(WFI) London 2012 chief Sebastian Coe says he is putting no pressure on Team GB’s men’s football coach to pick David Beckham for the Olympics even though his selection is guaranteed to help shift some of the 1.4 million tickets on sale for this summer’s football tournaments.
The former England captain arrives later today in the Greek capital to take part in the Olympic torch handover ceremony at the Panathenaic Stadium, home of the first Olympics of the modern era in 1896.
Speaking at a briefing in Athens on Thursday, Coe told reporters that using the LA Galaxy player at this milestone event in the run-up to this summer’s Games was only fitting given Beckham’s involvement with the London 2012 bid and subsequent role as a global ambassador for the Olympics. He said it should not make it harder for Team GB football boss Stuart Pearce to omit him from his squad.
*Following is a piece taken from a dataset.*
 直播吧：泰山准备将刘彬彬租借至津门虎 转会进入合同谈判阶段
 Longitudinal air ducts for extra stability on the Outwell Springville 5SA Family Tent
“We have put absolutely no pressure on Stuart Pearce at all. Stuart has to pick the team that he thinks can lift that trophy,” Coe told reporters.
“I wouldn’t expect any coach to be operating on any other basis whether it’s wrestling or Olympic football. I think the coach has to be in pole position, you can never put pressure on coaches to choose people for any particular reason other than skill and merit.”
Coe admits that Beckham would add glamour to the Olympics football competition but insists that should not affect the selection decision.
“I think anything he joins he brings that to. It is entirely up to Stuart. Of course to have David around the Olympic programme is a fantastic thing but that’s not for anybody other than Stuart to decide,”
The double Olympic champion denied that bringing Beckham into the spotlight in Athens, a move designed to raise the profile of the torch handover ahead of its 70-day UK relay beginning Saturday, would now make it more difficult for Pearce to leave him out of his Team GB plans.
“No, absolutely not any more than we would expect a recall for Steve Redgrave or Daley Thompson,” Coe said.
“It would be ridiculous not to use somebody who has been intimately involved with the whole process and actually rings up on a regular basis to ask if there’s anything else he needs to know and can do to help us.”
Olympics minister Hugh Robertson said he had witnessed first-hand the technical side involved in the selection of elite athletes across some of 26 Olympic sports – and expects the same rigorous selection criteria to be applied by Pearce for the football squad.
“You can’t have in that highly competitive environment a sentimental moment and pick somebody because it would be nice for the front pages of the newspapers,” he told reporters.
“It is just not the way this process works. It would be lovely, yes, to see Beckham at the Olympics but he has to be there on the merits of his own performance and nothing else.”
Beckham, who attended a White House ceremony with his Galaxy team mates earlier this week to receive an award from US President Barack Obama for winning the Major League Soccer Championship, is one of several senior players being considered by Pearce for his U-23 Olympic squad.
Pearce is due to select the 18 members of his squad in the next few weeks; it will include three over-age players. Along with Beckham, Manchester United star Ryan Giggs is hotly tipped to fill two of the slots.
England manager Roy Hodgson named his Euro 2012 squad yesterday. The English FA have previously confirmed that those picked for the UEFA football showpiece in Poland and Ukraine are ineligible for the Olympics.